Information:
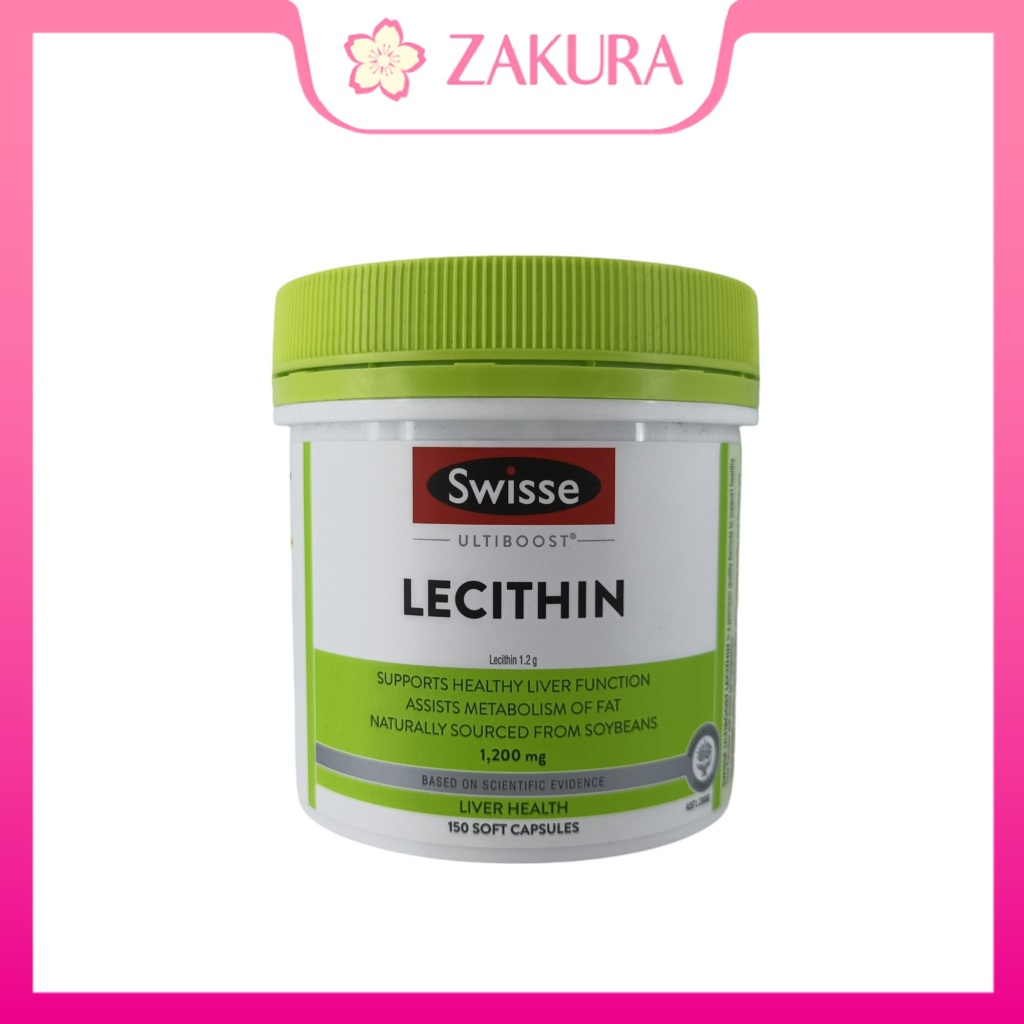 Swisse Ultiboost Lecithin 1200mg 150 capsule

==

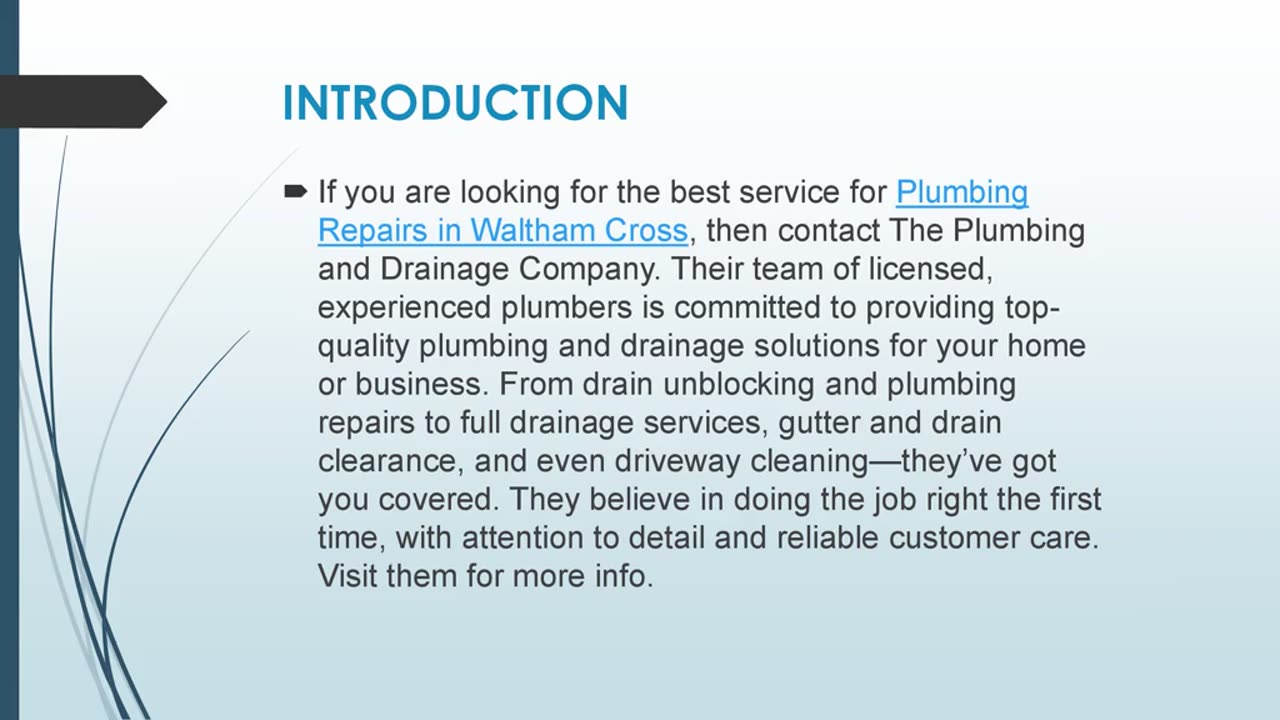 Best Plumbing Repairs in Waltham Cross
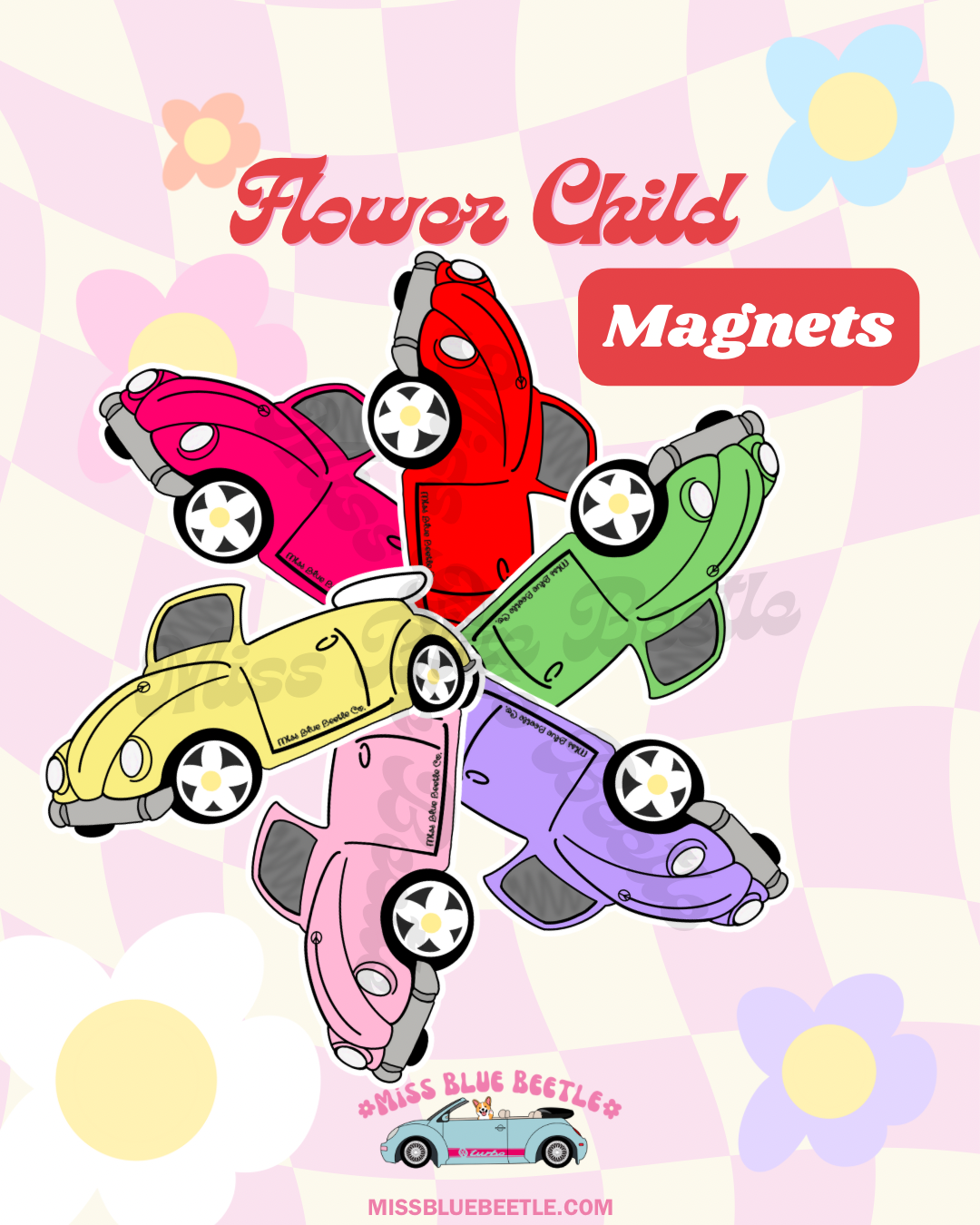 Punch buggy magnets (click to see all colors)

The problem:
Above is the material; set down exactly its lines from the one containing "Best Plumbing Repairs in Waltham Cross" down to the one containing "Punch buggy magnets", both included, leaving out any pictures.

Task result:
 Best Plumbing Repairs in Waltham Cross
 Punch buggy magnets (click to see all colors)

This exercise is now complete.